#### [Task item]
Your task is to write out the entire listing exactly, omitting its pictures.

#### [Recorded information]
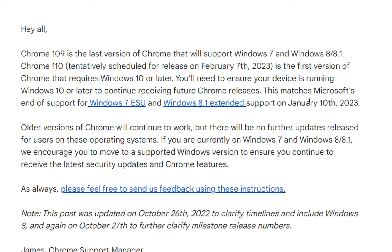This matches Microsoft's end of support for Windows 7 and Windows 8 on January 10, 2023.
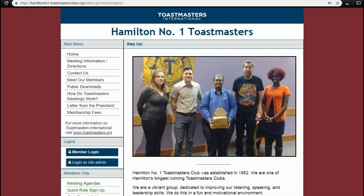Hello Toastmasters! Welcome to the second video in this series about Toastmasters and Free Toast Host. Please subscribe for more videos and don't forget to like and share. In the previous video, we added a new member. In this video, we are going to see how you can log in as a new member.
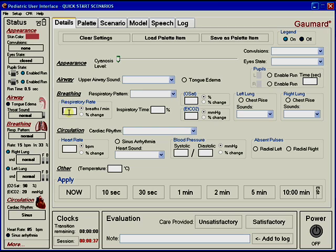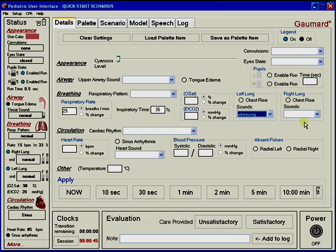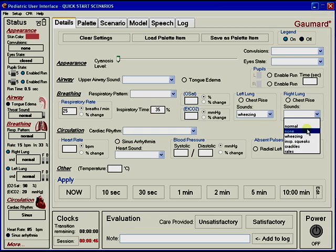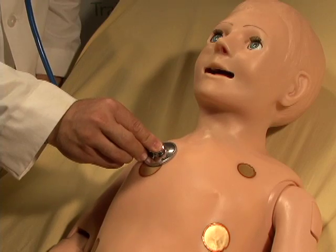Pediatric HAL has multiple upper airway sounds which are synchronized with selectable breathing patterns. Users can easily control rate and depth of respiration and choose independent left and right lung sounds. Multiple sounds are available.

#### [Task result]
This matches Microsoft's end of support for Windows 7 and Windows 8 on January 10, 2023.
Hello Toastmasters! Welcome to the second video in this series about Toastmasters and Free Toast Host. Please subscribe for more videos and don't forget to like and share. In the previous video, we added a new member. In this video, we are going to see how you can log in as a new member.
Pediatric HAL has multiple upper airway sounds which are synchronized with selectable breathing patterns. Users can easily control rate and depth of respiration and choose independent left and right lung sounds. Multiple sounds are available.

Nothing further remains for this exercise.